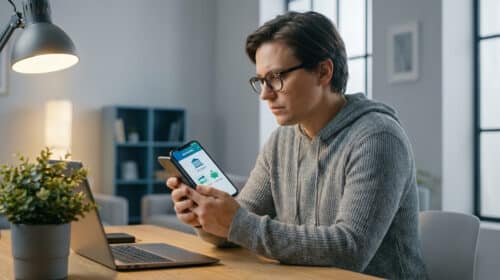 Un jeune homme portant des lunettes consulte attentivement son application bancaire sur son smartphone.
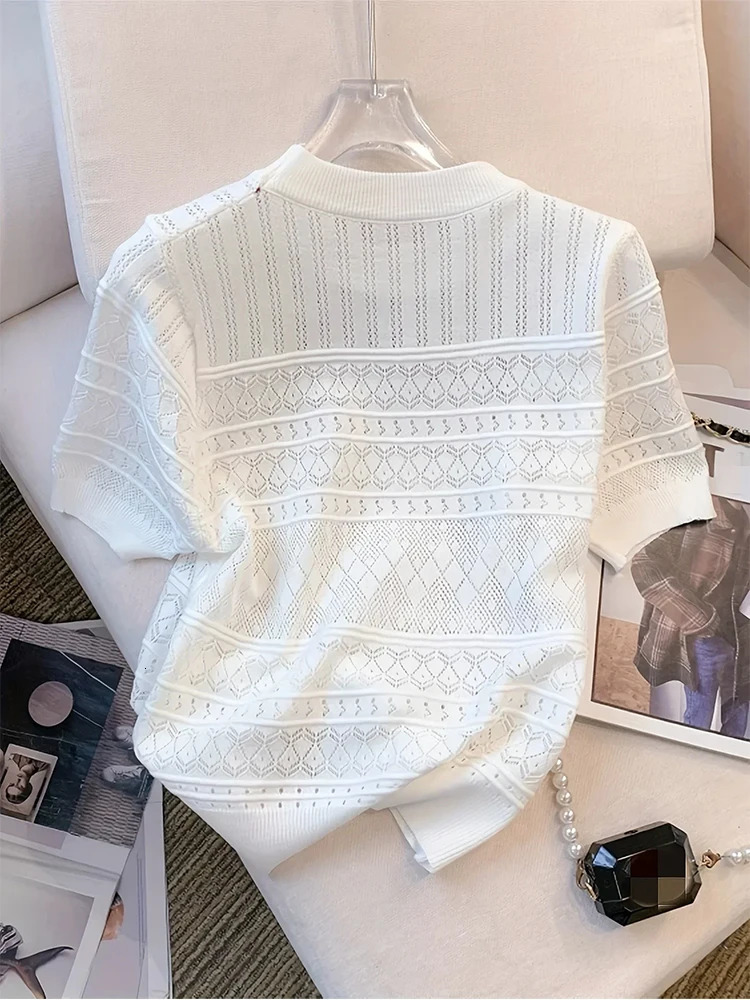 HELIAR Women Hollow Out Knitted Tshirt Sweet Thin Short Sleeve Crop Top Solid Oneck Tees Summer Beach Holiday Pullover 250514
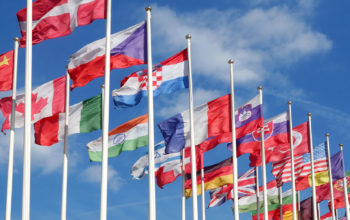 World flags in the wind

▶ _Exercise details_
What you return should be the whole listing, word for word, without its pictures.

▶ _Response area_
 Un jeune homme portant des lunettes consulte attentivement son application bancaire sur son smartphone.
 HELIAR Women Hollow Out Knitted Tshirt Sweet Thin Short Sleeve Crop Top Solid Oneck Tees Summer Beach Holiday Pullover 250514
 World flags in the wind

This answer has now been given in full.